Data shown Start Marker

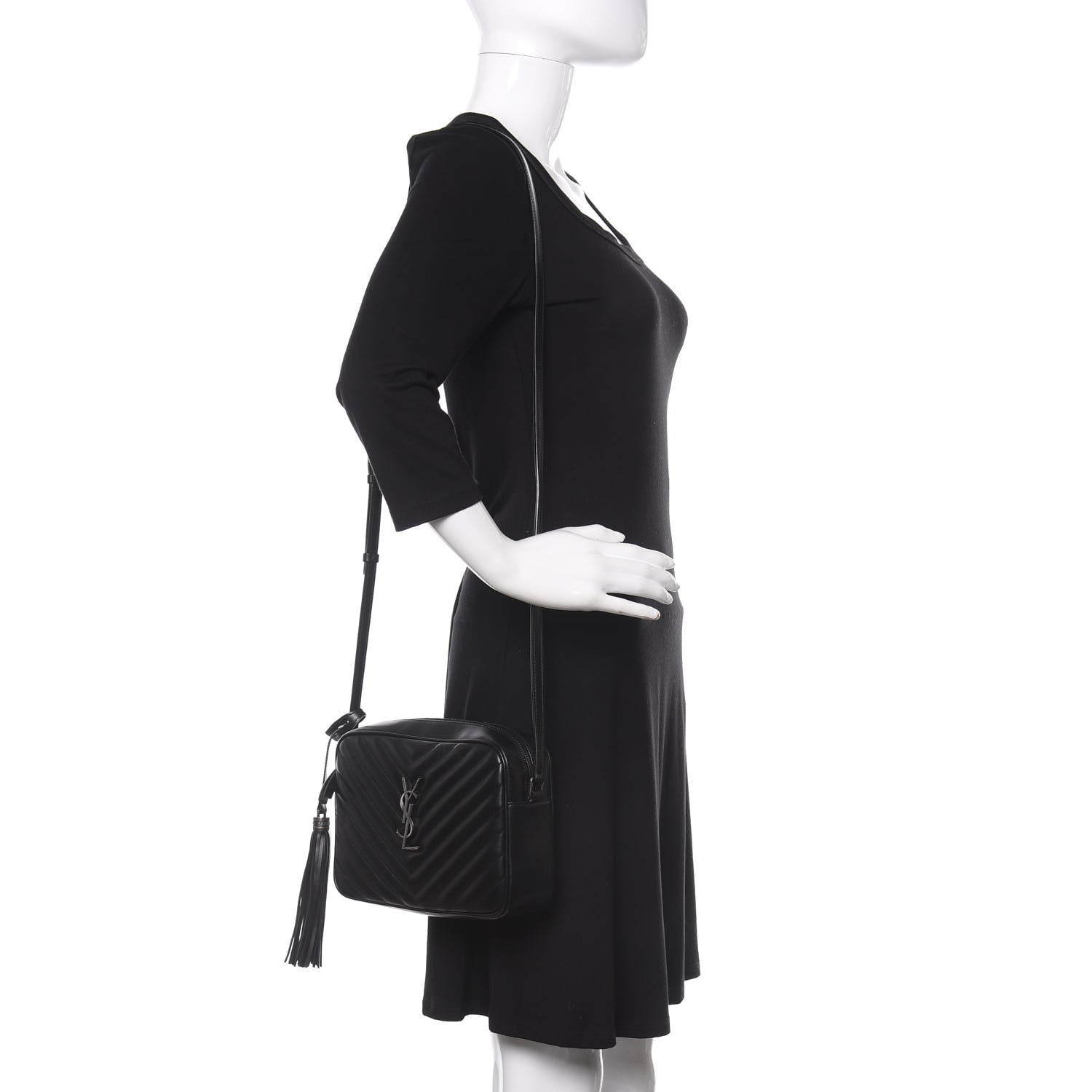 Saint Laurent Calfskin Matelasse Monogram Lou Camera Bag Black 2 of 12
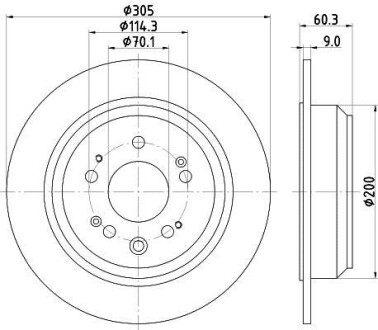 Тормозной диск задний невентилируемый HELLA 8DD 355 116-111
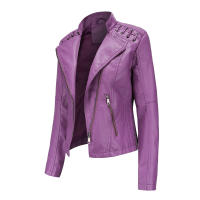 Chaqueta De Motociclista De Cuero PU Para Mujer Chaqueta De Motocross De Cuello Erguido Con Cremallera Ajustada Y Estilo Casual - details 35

Data shown End Marker

_Activity:_
Repeat each line above exactly as it reads, omitting any pictures.

_Output below:_
 Saint Laurent Calfskin Matelasse Monogram Lou Camera Bag Black 2 of 12
 Тормозной диск задний невентилируемый HELLA 8DD 355 116-111
 Chaqueta De Motociclista De Cuero PU Para Mujer Chaqueta De Motocross De Cuello Erguido Con Cremallera Ajustada Y Estilo Casual - details 35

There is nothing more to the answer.